Five Strategic Approaches to Implementing a Feedback Culture

Giving feedback can seem daunting. Why? Because employees might think that anonymous feedback is actually an "illusion". In contrast, a feedback culture is a prerequisite for a progressive, evolving and effective work environment.

  • Introducing a Feedback Culture: Start by implementing a structured and comprehensible feedback system that is easily accessible to everyone. This system can take the form of written, digital, or verbal communication.
  • Providing Practical Opportunities: Establish a campaign-like, regularly recurring feedback period. A digital format is the most convenient way to easily store and retrieve historical results. One of the most popular features on our platform is 'Recognition', where colleagues can send personalised recognition cards to each other with a personal message, but a simple Google Form can also do the trick, where colleagues answer the same questions using a template.
  • Leadership's Encouragement and Leading by Example: Managers play a pivotal role in promoting a feedback culture. Encourage employees to voice their thoughts and opinions. Consider introducing a weekly or monthly "feedback hour/session" where team members openly share their ideas. This can serve as an excellent example of face-to-face or one-on-one feedback methods.
  • Structural Feedback: In organizations with multiple divisions or departments, it is vital that managers and middle managers receive feedback on their performance from employees, and vice versa.
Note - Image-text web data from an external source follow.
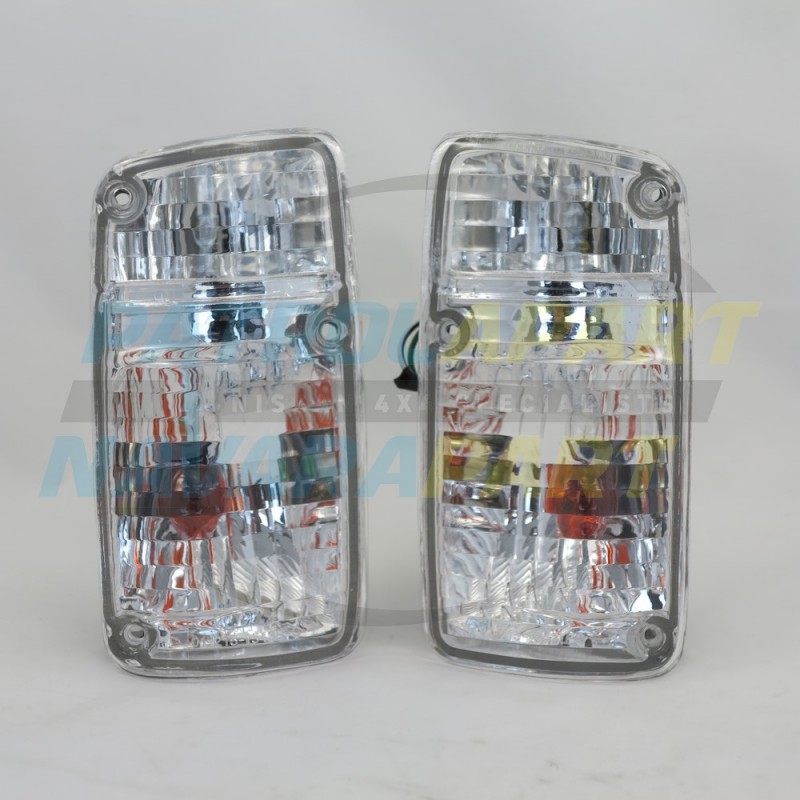 Crystal Corner Indicator Light Set suit Nissan Patrol GQ Y60 Series 1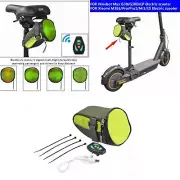 LED Signal Electric Scooter Tail Light Bag + Remote Control For Ninebot Max G30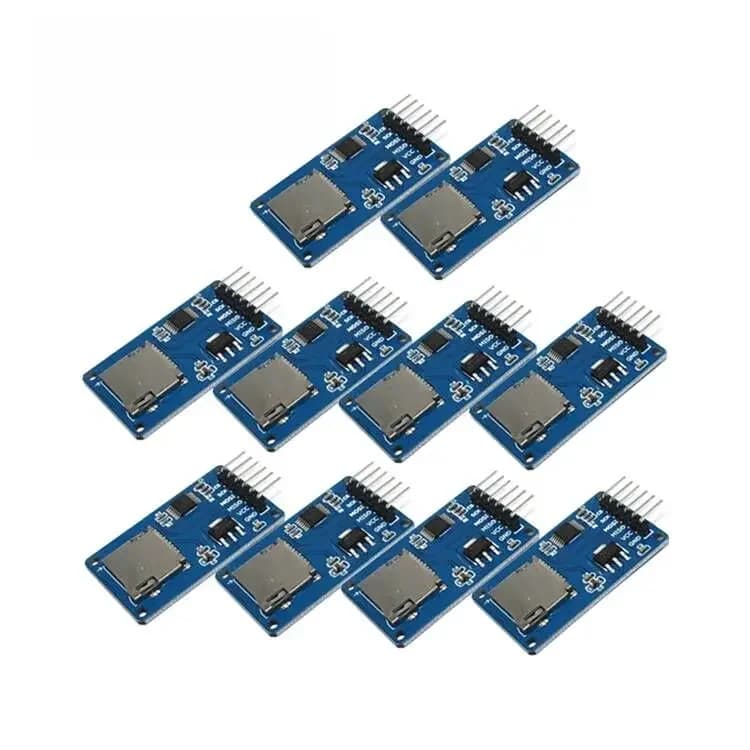 10 pcs/lot carte Micro SD mini module de lecteur de carte TF interfaces SPI avec puce de convertisseur de niveau pour arduino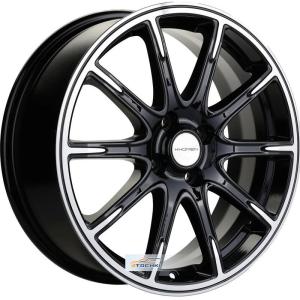 Диски Khomen Wheels KHW1707 (Lada Granta) Black-FP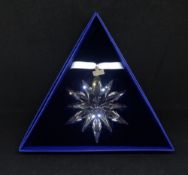Swarovski Crystal Glass, Christmas Ornament 2002 288802, Christmas Ornament 2006 837613, Christmas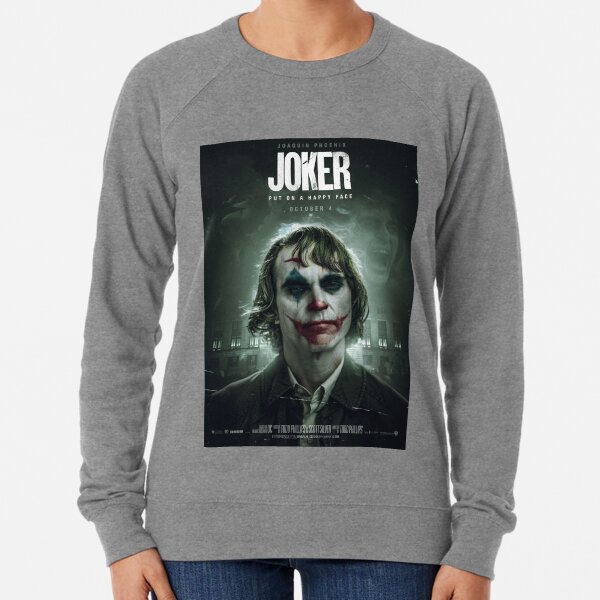 Joker Joaquin Phoenix Dark Green Movie Lightweight Sweatshirt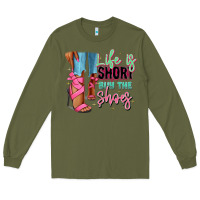 Army Green Afro heels Long Sleeve Tee - RanaPortraitStore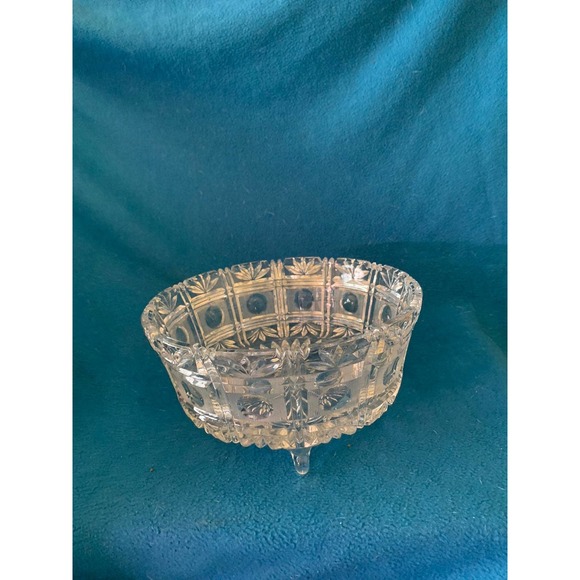 Cut glass Beyer crystal bowl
Feedback should extend beyond work-related matters to include aspects like equipment and facilities. Distinguish between quantifiable expectations, such as training or new responsibilities, and qualitative elements like patience, empathy, or constructive feedback.
  • Summary and Conclusions: Use feedback results to set annual and monthly targets for both employees and managers. Regularly review these targets based on feedback conclusions to ensure everyone stays on track.
Blue Colibri App - Recognition feature

Beyond Feedback: Incorporating Feedforward

 In addition to feedback, it is also worth incorporating a feedforward methodology. While feedback focuses on past results and events, feedforward complements this with expectations and questions for the future. What should we do next, or what and how should we do differently?

The Role of Leadership

The importance of leadership in fostering a feedback culture cannot be understated. Leaders not only encourage feedback but also demonstrate the ability to receive it constructively. Balancing constructive and constructive feedback is key—addressing issues while maintaining a focus on employee engagement.

By leading by example and fostering a culture of open evaluation, you can create an environment where feedback becomes a natural part of daily work processes. Building this culture is a collective effort, and together, we can achieve it.